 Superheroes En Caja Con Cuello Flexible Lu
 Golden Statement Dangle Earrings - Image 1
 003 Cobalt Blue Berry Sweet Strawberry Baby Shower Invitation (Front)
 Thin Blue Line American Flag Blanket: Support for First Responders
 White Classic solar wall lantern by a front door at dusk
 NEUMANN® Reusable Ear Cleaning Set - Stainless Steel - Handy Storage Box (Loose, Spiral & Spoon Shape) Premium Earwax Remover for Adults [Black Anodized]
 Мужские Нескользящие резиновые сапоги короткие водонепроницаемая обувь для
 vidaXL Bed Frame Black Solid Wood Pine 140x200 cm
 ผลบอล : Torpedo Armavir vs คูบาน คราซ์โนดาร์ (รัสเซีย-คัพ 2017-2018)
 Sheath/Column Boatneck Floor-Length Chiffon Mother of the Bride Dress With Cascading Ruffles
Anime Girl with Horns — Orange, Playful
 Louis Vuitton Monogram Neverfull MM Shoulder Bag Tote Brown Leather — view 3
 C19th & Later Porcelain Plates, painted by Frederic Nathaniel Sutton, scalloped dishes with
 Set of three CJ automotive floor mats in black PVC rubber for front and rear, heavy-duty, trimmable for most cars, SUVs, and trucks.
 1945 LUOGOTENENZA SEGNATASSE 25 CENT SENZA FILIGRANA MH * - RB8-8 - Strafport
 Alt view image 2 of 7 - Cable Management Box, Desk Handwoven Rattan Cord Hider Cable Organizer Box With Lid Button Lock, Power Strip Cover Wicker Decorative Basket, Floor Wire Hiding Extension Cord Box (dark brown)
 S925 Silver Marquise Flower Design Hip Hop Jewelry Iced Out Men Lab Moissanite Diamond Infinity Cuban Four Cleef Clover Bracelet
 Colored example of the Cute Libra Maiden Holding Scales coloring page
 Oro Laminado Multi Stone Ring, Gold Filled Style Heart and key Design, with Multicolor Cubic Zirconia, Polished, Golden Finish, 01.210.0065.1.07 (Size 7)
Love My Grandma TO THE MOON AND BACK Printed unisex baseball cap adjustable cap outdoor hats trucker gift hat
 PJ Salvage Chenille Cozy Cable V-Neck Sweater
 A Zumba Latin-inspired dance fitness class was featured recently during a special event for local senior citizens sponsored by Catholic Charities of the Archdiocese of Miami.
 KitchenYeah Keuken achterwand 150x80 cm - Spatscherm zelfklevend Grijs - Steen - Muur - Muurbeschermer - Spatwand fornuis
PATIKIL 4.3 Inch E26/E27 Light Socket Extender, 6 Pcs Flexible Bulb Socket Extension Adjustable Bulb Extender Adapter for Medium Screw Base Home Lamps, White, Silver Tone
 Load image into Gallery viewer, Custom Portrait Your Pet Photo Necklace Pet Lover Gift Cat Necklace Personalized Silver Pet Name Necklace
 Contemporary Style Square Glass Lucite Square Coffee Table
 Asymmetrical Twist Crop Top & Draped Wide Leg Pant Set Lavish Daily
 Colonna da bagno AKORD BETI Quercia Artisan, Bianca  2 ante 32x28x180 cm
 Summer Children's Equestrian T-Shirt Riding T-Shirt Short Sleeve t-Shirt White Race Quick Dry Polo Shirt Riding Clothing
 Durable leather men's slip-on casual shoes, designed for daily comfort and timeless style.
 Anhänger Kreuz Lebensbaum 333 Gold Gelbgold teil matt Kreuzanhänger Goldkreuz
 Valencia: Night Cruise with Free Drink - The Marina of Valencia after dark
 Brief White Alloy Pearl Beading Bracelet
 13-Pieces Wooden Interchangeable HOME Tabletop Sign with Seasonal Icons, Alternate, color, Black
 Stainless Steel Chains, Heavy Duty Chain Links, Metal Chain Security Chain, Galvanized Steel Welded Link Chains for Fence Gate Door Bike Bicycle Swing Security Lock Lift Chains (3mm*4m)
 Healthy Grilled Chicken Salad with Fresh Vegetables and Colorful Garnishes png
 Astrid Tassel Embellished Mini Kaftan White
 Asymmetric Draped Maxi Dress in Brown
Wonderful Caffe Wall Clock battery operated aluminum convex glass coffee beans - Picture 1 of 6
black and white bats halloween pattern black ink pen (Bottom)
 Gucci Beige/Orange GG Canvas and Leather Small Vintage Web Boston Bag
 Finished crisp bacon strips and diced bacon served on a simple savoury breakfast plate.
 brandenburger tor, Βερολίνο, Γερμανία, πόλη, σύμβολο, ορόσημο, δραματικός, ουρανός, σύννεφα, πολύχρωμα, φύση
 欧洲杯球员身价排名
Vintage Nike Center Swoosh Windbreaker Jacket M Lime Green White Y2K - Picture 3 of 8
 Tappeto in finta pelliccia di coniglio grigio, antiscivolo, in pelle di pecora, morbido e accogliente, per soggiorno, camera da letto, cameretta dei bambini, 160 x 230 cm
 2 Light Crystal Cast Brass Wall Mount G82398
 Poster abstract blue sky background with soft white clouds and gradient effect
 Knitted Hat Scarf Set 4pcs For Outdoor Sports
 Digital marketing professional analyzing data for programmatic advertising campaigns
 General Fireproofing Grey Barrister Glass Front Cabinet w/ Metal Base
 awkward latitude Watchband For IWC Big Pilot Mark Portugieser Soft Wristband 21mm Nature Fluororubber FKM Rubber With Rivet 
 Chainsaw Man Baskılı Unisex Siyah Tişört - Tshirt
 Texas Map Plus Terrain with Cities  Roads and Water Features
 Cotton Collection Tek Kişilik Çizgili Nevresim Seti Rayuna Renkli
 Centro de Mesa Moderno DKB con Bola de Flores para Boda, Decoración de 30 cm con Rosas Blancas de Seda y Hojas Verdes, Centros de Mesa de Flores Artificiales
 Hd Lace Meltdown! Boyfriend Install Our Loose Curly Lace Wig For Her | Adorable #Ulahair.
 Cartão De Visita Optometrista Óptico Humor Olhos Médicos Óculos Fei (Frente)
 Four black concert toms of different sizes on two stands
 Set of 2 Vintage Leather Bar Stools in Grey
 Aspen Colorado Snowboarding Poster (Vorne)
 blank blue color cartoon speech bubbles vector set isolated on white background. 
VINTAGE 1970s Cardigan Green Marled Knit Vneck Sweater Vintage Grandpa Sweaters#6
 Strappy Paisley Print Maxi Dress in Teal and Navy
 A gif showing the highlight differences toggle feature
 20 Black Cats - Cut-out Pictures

ACTIVITY —
Nothing but a number is expected here: say how many lines in the material hold "Bracelet".

ANSWER TO THIS PROBLEM —
2